THE Department of Agriculture (DA) has commended local flour millers for its commitment to stabilize supply of flour in the market to maintain prices of pan de sal and other bakery products.
Agriculture Secretary Proceso Alcala welcomed the move by the Philippine Association of Flour Millers Inc. (Pafmil) as it commits to provide more supply of flour to maintain its price—as well as stabilize the prices of pan de sal, tasty bread and other bakery products.
“In a letter dated July 18, Pafmil has assured that they will maintain the price of flour at present levels during the effectivity of the provisional antidumping duty,” Alcala said.
He also said that Pafmil President Sabin Aboitiz also assured that the millers’ group would maintain higher inventories to supply the market efficiently and without delay.

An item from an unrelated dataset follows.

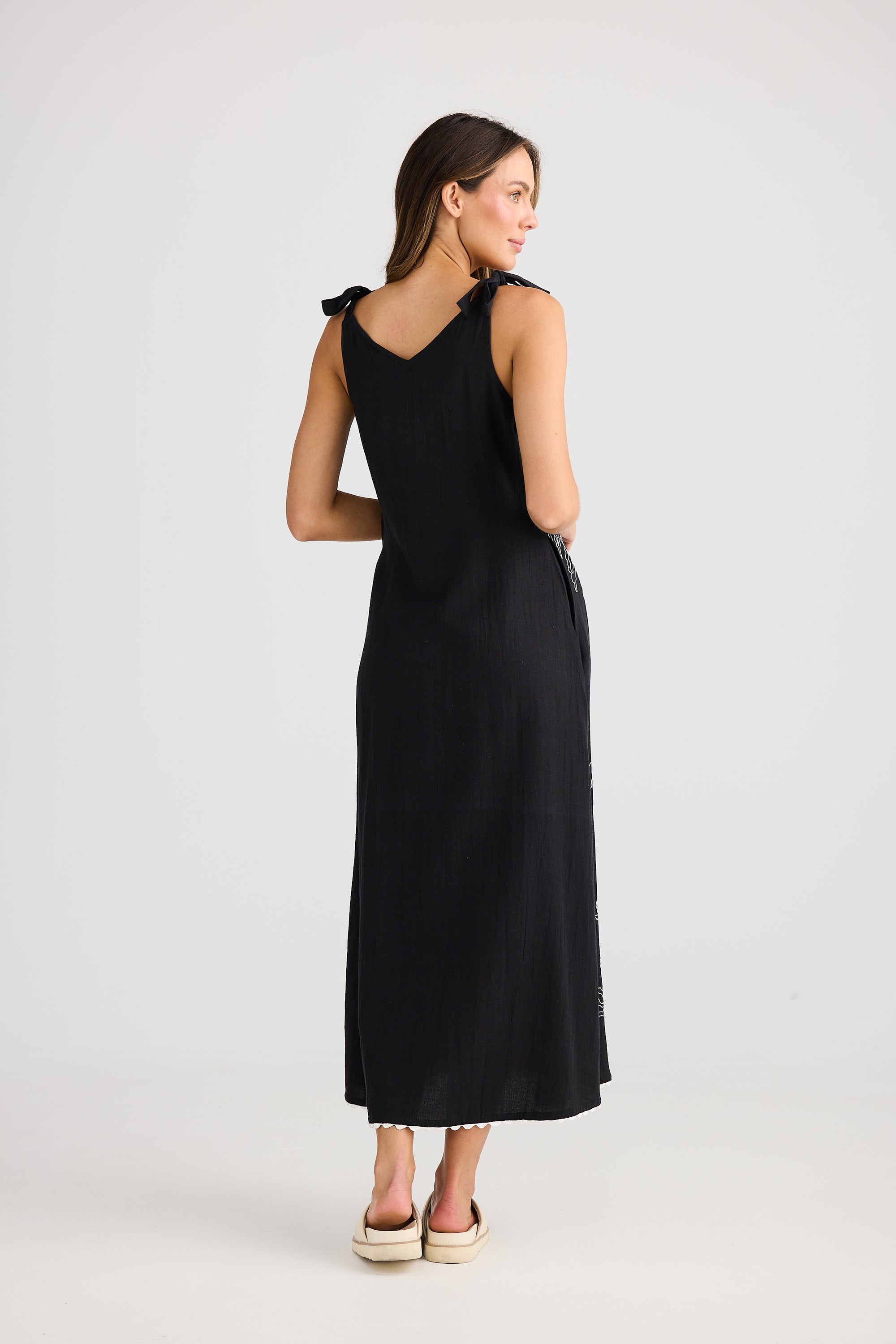 Deira Embroidered Dress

Earlier, Pafmil millers filed a petition to increase the tariff on imported flour to 20 percent, from the current 7 percent. The group is particularly against the import of cheap flour from Turkey, which has been easing out local flour millers.
Ric Pinca, Pafmil executive director, said that the dumping activities by Turkish flour importers violate the World Trade Organization rules to which most countries—including the Philippines and Turkey—abide by under the world free-trade regimen.
Dumping occurs when a country exports a commodity at prices lower than its domestic prices. When a country exports products at dumping prices, it is engaged in unfair trade.
“Thus, we are up against a group of flour exporters engaging in unfair trade,” he said.
Pafmil clarified that the antidumping petition is only against Turkish flour, noting that their appeal is a reply to Turkey’s unfair trade activity. At present, there are Indonesian flour, Vietnamese flour, Australian flour and even Indian flour being exported to the Philippines.